On Tue, Oct 5, 2021, 1:11 PM Edward Kmett <ekmett at gmail.com> wrote:

>
>
> On Tue, Oct 5, 2021 at 12:39 PM David Feuer <david.feuer at gmail.com> wrote:
>
>> To be clear, the proposal to allow different constraints was accepted,
>> but integrating it into the current, incredibly complex, code was well
>> beyond the limited abilities of the one person who made an attempt. Totally
>> severing pattern synonyms from constructor synonyms (giving them separate
>> namespaces) would be a much simpler design.
>>
>
> It might be simpler in some ways, despite needing yet another syntactic
> marker, etc. but also would make them a lot less useful for a lot of places
> where they are used today, e.g. to provide backwards compatibility for old
> constructors as an API changes, and the like.
>
> Before I left MIRI, Cale had started work on these for us.
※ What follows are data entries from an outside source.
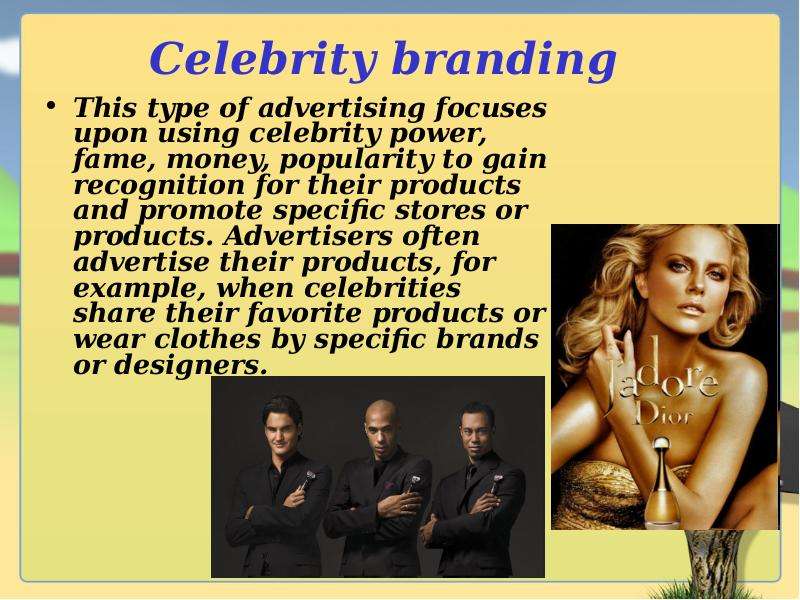 Celebrity branding This type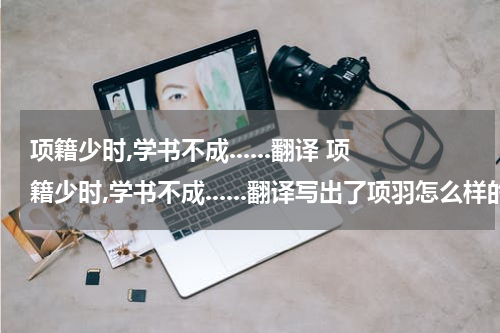 项籍少时,学书不成......翻译 项籍少时,学书不成......翻译写出了项羽怎么样的特点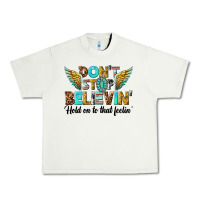 Pistachio dont stop believing Urban Heavy Tee - texasbilliewilder
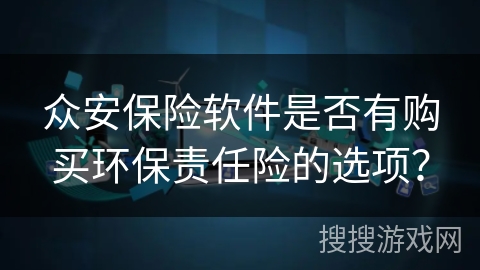 众安保险软件是否有购买环保责任险的选项？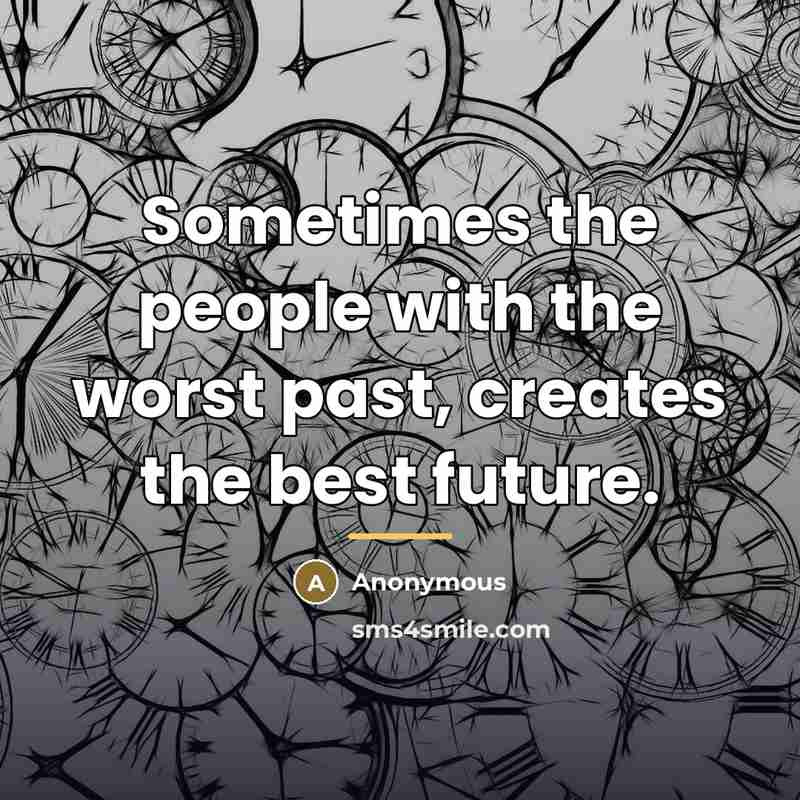 “Sometimes the people with the worst past, creates the best…” quote by Anonymous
Is that the
> work you are thinking of, or are you thinking of an earlier effort?
>
> -Edward
>
>
>
>
>> On Tue, Oct 5, 2021, 12:33 PM Richard Eisenberg <lists at richarde.dev>
>> wrote:
>>
>>>
>>>
>>> On Oct 3, 2021, at 5:38 AM, Anthony Clayden <anthony.d.clayden at gmail.com>
>>> wrote:
>>>
>>> >    pattern  SmartConstr :: Ord a => () => ...
>>>
>>> Seems to mean:
>>>
>>> * Required constraint is Ord a  -- fine, for building
>>>
>>>
>>> Yes.
>>>
>>> * Provided constraint is Ord a  -- why? for matching/consuming
>>>
>>>
>>> No. Your signature specified that there are no provided constraints:
>>> that's your ().
>>>
>>>
>>> I'm using `SmartConstr` with some logic inside it to validate/build a
>>> well-behaved data structure. But this is an ordinary H98 datatype, not a
>>> GADT.
>>>
>>>
>>> I believe there is no way to have provided constraints in Haskell98. You
>>> would need either GADTs or higher-rank types.
>>>
>>>
>>> This feels a lot like one of the things that's wrong with 'stupid theta'
>>> datatype contexts.
>>>
>>>
>>> You're onto something here. Required constraints are very much like the
>>> stupid theta datatype contexts. But, unlike the stupid thetas, required
>>> constraints are sometimes useful: they might be needed in order to, say,
>>> call a function in a view pattern.
>>>
>>> For example:
>>>
>>> checkLT5AndReturn :: (Ord a, Num a) => a -> (Bool, a)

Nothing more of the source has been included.